Sorry to give yet another answer that does not address the issue of fractional $n$ [it seems that fractional derivatives are not such a familiar topic to many research mathematicians; certainly they're not to me], but:
There is a little issue here which has not been addressed. By the context of the OP's question, I gather s/he is looking for real-valued functions which are equal to their $n$th derivative (and not their $k$th derivative for $k < n$). Several answerers have mentioned that the set of solutions to $f^{n} = 0$ forms an $n$-dimensional vector space. But over what field? It is easier to identify the space of such complex-valued functions, i.e., $f: \mathbb{R} \rightarrow \mathbb{C}$: namely, a $\mathbb{C}$-basis is given by $f(x) = e^{2 \pi i k/n}$ for $0 \leq k < n$. But what does this tell us about the $\mathbb{R}$-vector space of real-valued solutions to this differential equation?
The answer is that it is $n$-dimensional as a $\mathbb{R}$-vector space, though it does not have such an immediately obvious and nice basis.
Let $W$ be the $\mathbb{R}$-vector space of real-valued functions $f$ with $f^{(n)} = 0$ and $V$ the $\mathbb{C}$-vector space of $\mathbb{C}$-valued functions $f$ with $f^{(n)} = 0$.
There is a natural inclusion map $W \mapsto V$. Phrased algebraically, the question is whether the induced map $L: W \otimes_{\mathbb{R}} \mathbb{C} \rightarrow V$ is an isomorphism of $\mathbb{C}$-vector spaces. In other words, this means that any given $\mathbb{R}$-basis of $W$ is also a $\mathbb{C}$-basis of $V$. This is certainly not automatic. For instance, viewing the Euclidean plane as first $\mathbb{R}^2$ and second as $\mathbb{C}$ gives a map
$\mathbb{R}^2 \rightarrow \mathbb{C}$ which certainly does not induce an isomorphism upon tensoring with $\mathbb{C}$, since the first space has (real) dimension $2$ but the second space has (complex) dimension $1$.
For more on this, see Theorem 1.6 of
http://www.math.uconn.edu/~kconrad/blurbs/galoistheory/galoisdescent.pdf
It turns out that this is actually a problem in Galois descent: according to Theorem 2.14 of the notes of Keith Conrad already cited above, the map $L$ is an isomorphism iff there exists a conjugate-linear involution $r: V \rightarrow V$, i.e., i.e., a map which is self-inverse and satisfies, for any $z \in \mathbb{C}$ and $v \in V$, $r(zc) = \overline{z} r(c)$.
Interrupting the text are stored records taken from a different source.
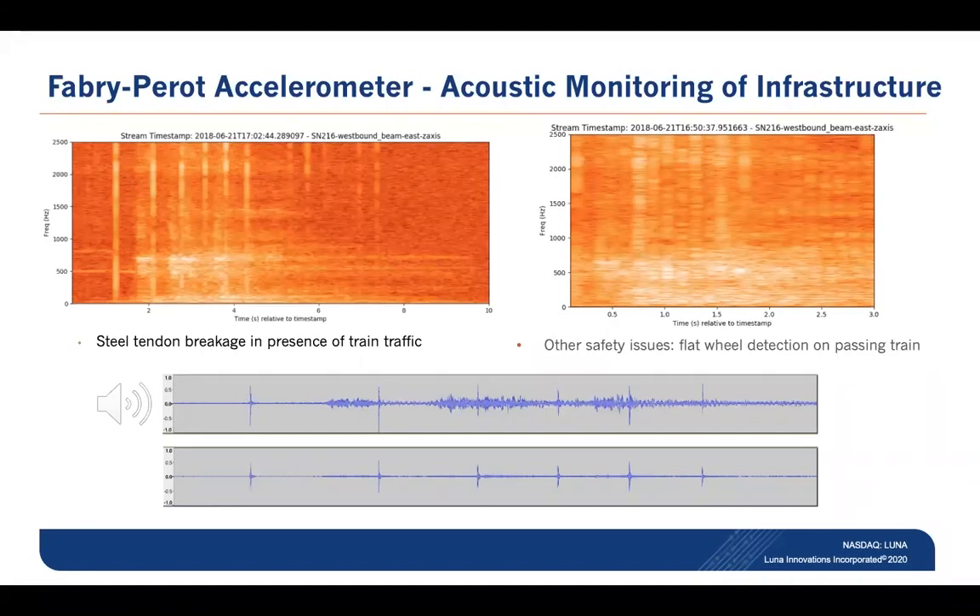As an added bonus, while we were monitoring for detection events, one of the local engineers noted that we had captured what's called a wheel hammer event — that's a flat spot on a wheel on a train. You can see that as broad-spectrum periodic noise that correlates directly with the diameter of the wheel and the rate at which the train was traveling. This is really an additional benefit that can be derived from an instrumented structure in terms of monitoring the health of the assets that travel over it.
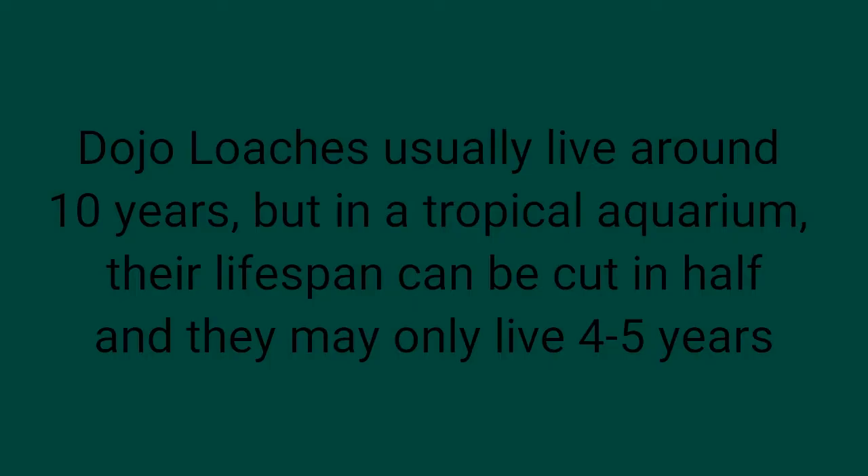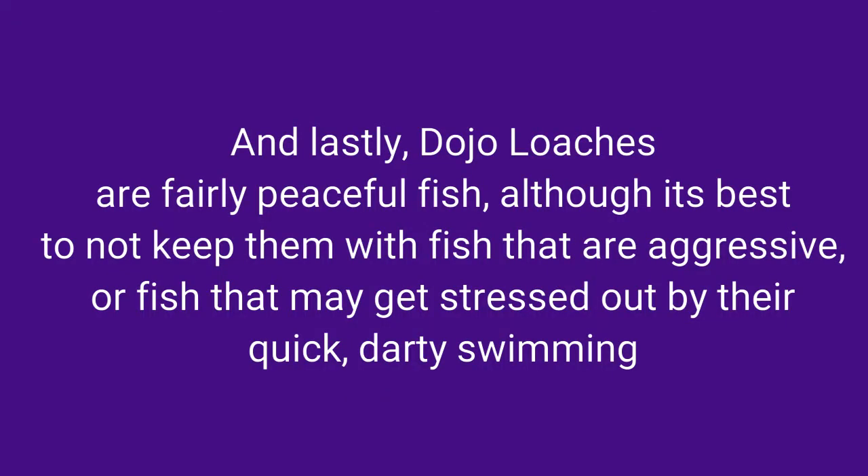Dojo loaches usually live around 10 years, but in a tropical aquarium their lifespan can be cut in half and they may only live 4 to 5 years. And lastly, dojo loaches are fairly peaceful fish, although it's best to not keep them with fish that are aggressive or fish that may get stressed out by their quick, darty swimming.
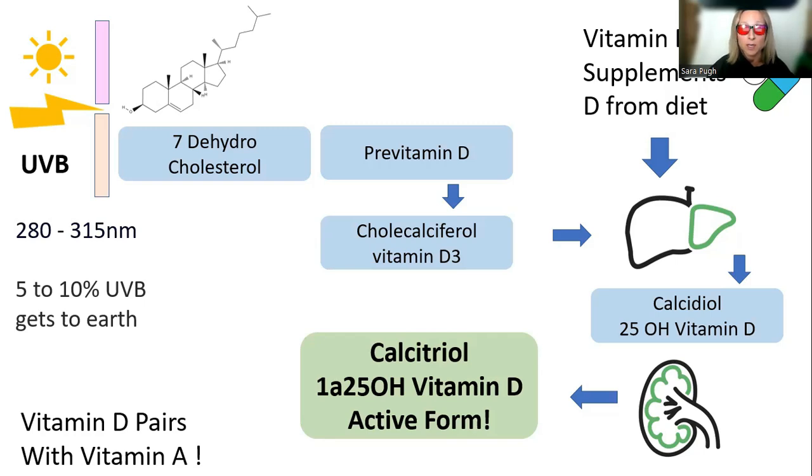There are certain circumstances where vitamin D supplementation can be useful, such as an acute infection and some cancer protocols. However, with anything you take that you can also make yourself, you do run the risk of shutting down your own natural production. But with supplements, that's completely up to you.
But indeed we have such a thing: an element of $V$ is just a complex-valued function $f$,
so we put $r(f) = \overline{f}$. Note that this stabilizes $V$ since the differential equation $f^{(n)}) = 0$ "is defined over $\mathbb{R}$": or more simply, the complex conjugate of the $n$th derivative is the $n$th derivative of the complex conjugate. Thus we have "descent data" (or, in Keith Conrad's terminology, a G-structure) and the real solution space has the same dimension as the complex solution space.
It is a nice exercise to use these ideas to construct an explicit real basis of $W$.